“You’ve gotta dance like there’s nobody watching. Love like you’ll never be hurt. Sing like there’s nobody listening. And live like it’s heaven on earth.” – William Purkey
We have forgotten to play. To be kids. To do things we love – just because.
Sitting in bed scrolling through my Instagram feed, I wonder to myself why I’m not reading a book instead. I set a deadline and start a conversation – an hour goes by. I realize it’s past my bedtime – and plug in my phone and start the noise machine. Tomorrow – tomorrow I’ll meditate and get some reading in. Until the next morning comes and I’m off and running again only to find myself in bed the next night mindless scrolling. Why is that?! Why do I need the brain drain?
When I was a kid, I loved to listen to music, read books, write in my journal about the boy I met, flip through magazines to find new styles, learn something new, draw sketches of what my house would look like someday, write poetry, play my piano, sing out loud, dance like a maniac, laugh out loud, sit next to a stream and just listen. The simple things – quiet things – and at some point, I grew up.
I get wrapped up in being adult. Going hard at work all day, thinking about work when I’m not at work, making excuses for not having creative time, not painting the blank canvas on my wall, not taking time to just breathe or meditate, skipping my writing time (which is my favorite time!), pretending my workouts are "my time", and getting caught up in the world outside of my own online. Yes, I do like to play – but not like I used to. I don’t make time for it.
That all changed recently. I went to entrepreneur sleepaway camp (Camp Maverick) in the Berkshire Mountains and when I got home, a friend asked what I got out of it.
"Dance every chance you get, leave your heart open, and say yes to everything that feels good.”
He said it reminded him of a quote. My response: “You’re right – people quote it, but few actually dance, love, sing, or live it.”

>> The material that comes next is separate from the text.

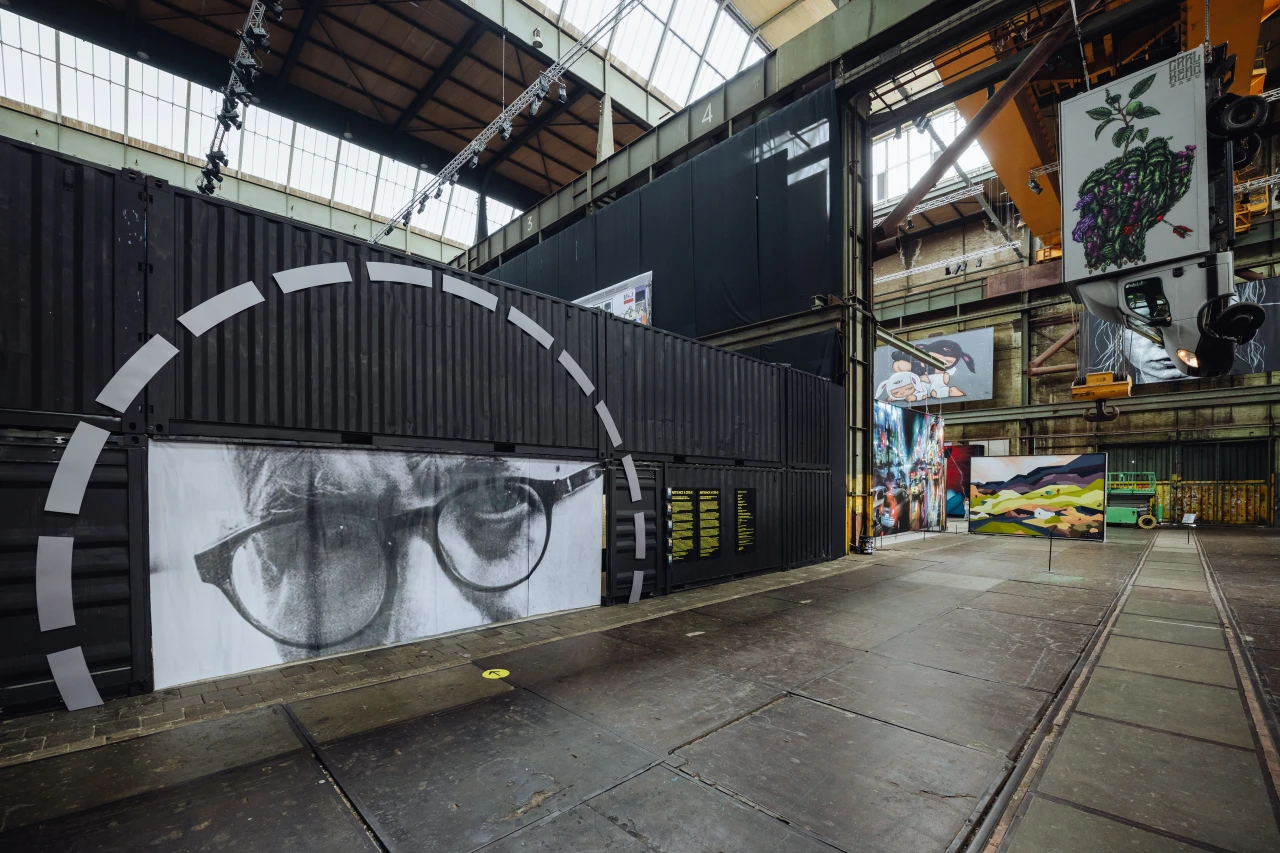 Large-scale black and white mural of a close-up face wearing glasses inside an industrial warehouse gallery space with yellow overhead cranes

Last summer, I went to the same camp and walked away feeling angsty. It was a fun camp, but I had been in hardcore introvert mode – angry at the world because nothing was working and I felt very unsafe in a lot of different aspects of my life. I showed up to drop off my phone and be silent for the 4 days – mulling over breaking off a relationship that was going nowhere and ending a business I’d had for almost 8 years. It was a tumultuous time, to say the least. The other campers thought I was nice, but no one saw me for who I really am. I was adult-ing to the core – and that left zero play in my spirit.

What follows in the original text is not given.